Свобода слова и печати слишком хрупкая вещь. События постком-мунистического десятилетия, особенно последних двух-трех лет, отчетливо демонстрируют стремление сузить пространство свободы. Характерно, что первыми уловили новые веяния некоторые наши архивисты. Как ни странно, в минувшее десятилетие даже органы тайной политической полиции, хотя не всегда, не всем и далеко не полностью, стали предоставлять архивы и раскрывать свои тайны, относящиеся к эпохе Большого террора (см. например, многотомный «Ленинградский мартиролог. Книга памяти жертв политических репрессий», основанный на документах бывшего КГБ, и ряд других публикаций). Как я убедился на собственном опыте, с особым тщанием оберегает секреты бывший партийный архив в Смольном, «закрывая» документы, относящиеся именно к истории советской цензуры . Видимо, механизм убиения слова и мысли представляет еще большую государственную тайну, чем физическое истребление людей. Что ж, это может даже в какой-то мере льстить национальному самолюбию, лишний раз подтверждая ставшую уже трюизмом мысль о «литературоцентричнос-ти», «логоцентричности» российской ментальности: отсюда, как считается, и великая литература!

Что же дальше? А вот этого нам знать не дано… Любые пророчества и прогнозы в нашей стране, да и не только в нашей, я думаю, бессмысленны, хотя, надо сказать, опасность восстановления «Министерства правды», если снова вспомнить Оруэлла, сохраняется.
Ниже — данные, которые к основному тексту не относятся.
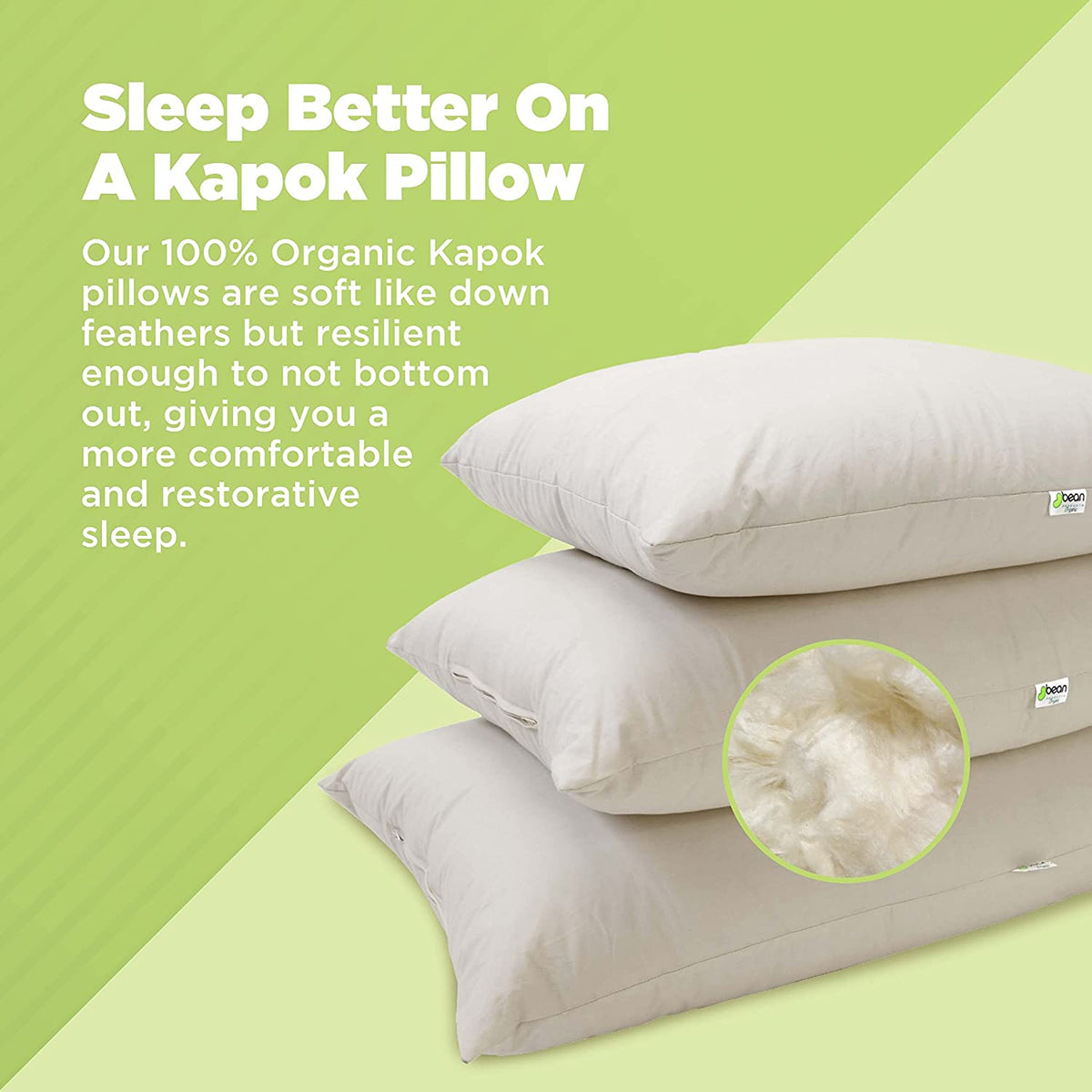 Organic kapok pillow set with 100 percent organic cotton cover plant based vegan sleep pillows standard size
Эти ампутированные органы способны к регенерации, как у некоторых видов рептилий, отбрасывающих в минуту опасности свой хвост. Разумеется, всё зависит от изменения социально-политической ситуации. При худшем варианте первое, что сделает, придя к власти, сторонник авторитарного или какого-либо другого жесткого режима, — восстановит в том или ином обличье цензурный контроль над средствами массовой информации. Нынешнее же положение в этой сфере, крайне неопределенное и неустойчивое, балансирует между двумя тенденциями, одна из которых направлена на максимальное осуществление права на ничем не ограниченное высказывание, а другая — на свертывание такого права. При этом обе эти тенденции находят и сторонников, и противников. В отличие от информационных ситуаций предшествующих эпох, современная, как полагают многие, резко и принципиально изменилась в результате появления нового феномена — «мировой паутины», повсеместного распространения Интернета, который исключает какой бы то ни было административный контроль. Но столкновение с ним тотчас же породило массу проблем, с которыми не знают что делать не только в нашей стране, но во всем мировом сообществе. Возможности Интернета, внушают, конечно, «осторожный оптимизм», но эта тема требует особого разговора.
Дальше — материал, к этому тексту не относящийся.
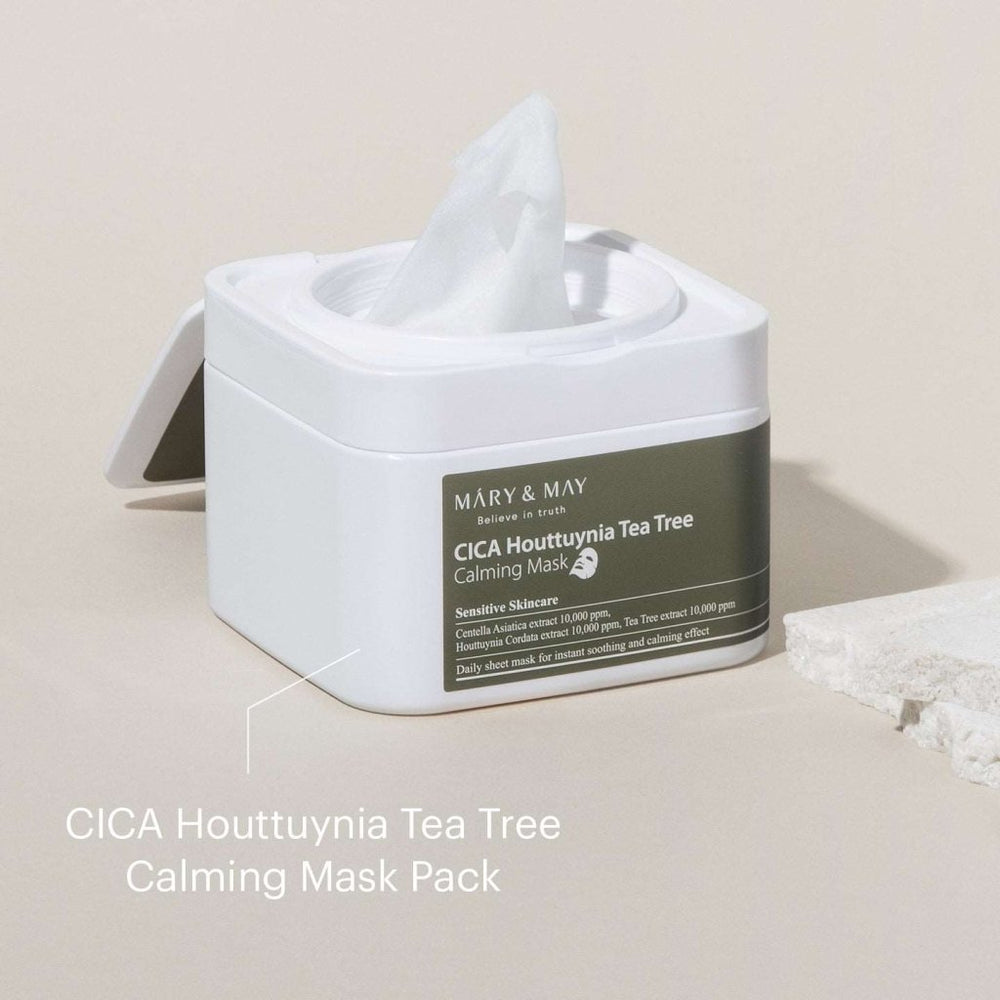 Cica Houttuynia + Çay Ağacı İçeren Yatıştırıcı Maske Paketi (30 adet) - Mary & May - Vionine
Боюсь, однако, что будущий историк российской цензуры, заинтересовавшийся постсоветским периодом, найдет немало материала для исследования. Вспомним замечательного поэта Николая Глазкова, которому, как уже говорилось, приписывается создание слова «самиздат»:

Я на мир взираю из-под столика, Век двадцатый, век необычайный. Чем ты интересней для историка, Тем для современника печальней.
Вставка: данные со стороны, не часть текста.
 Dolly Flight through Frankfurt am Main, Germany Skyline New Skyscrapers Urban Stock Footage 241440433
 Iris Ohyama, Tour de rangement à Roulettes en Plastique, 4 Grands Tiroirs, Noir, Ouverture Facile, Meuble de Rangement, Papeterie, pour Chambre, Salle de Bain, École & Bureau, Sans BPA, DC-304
XXI век, судя по его началу, к сожалению, тоже будет не менее «интересен для историка»… Один остроумный человек как-то заметил: «Я понимаю, конечно, что развитие идет по спирали, но кто сказал, что следующий виток будет обязательно сверху?» Этот парадокс имеет, увы, прямое отношение к нашему прошлому и, быть может, еще большее — настоящему и будущему.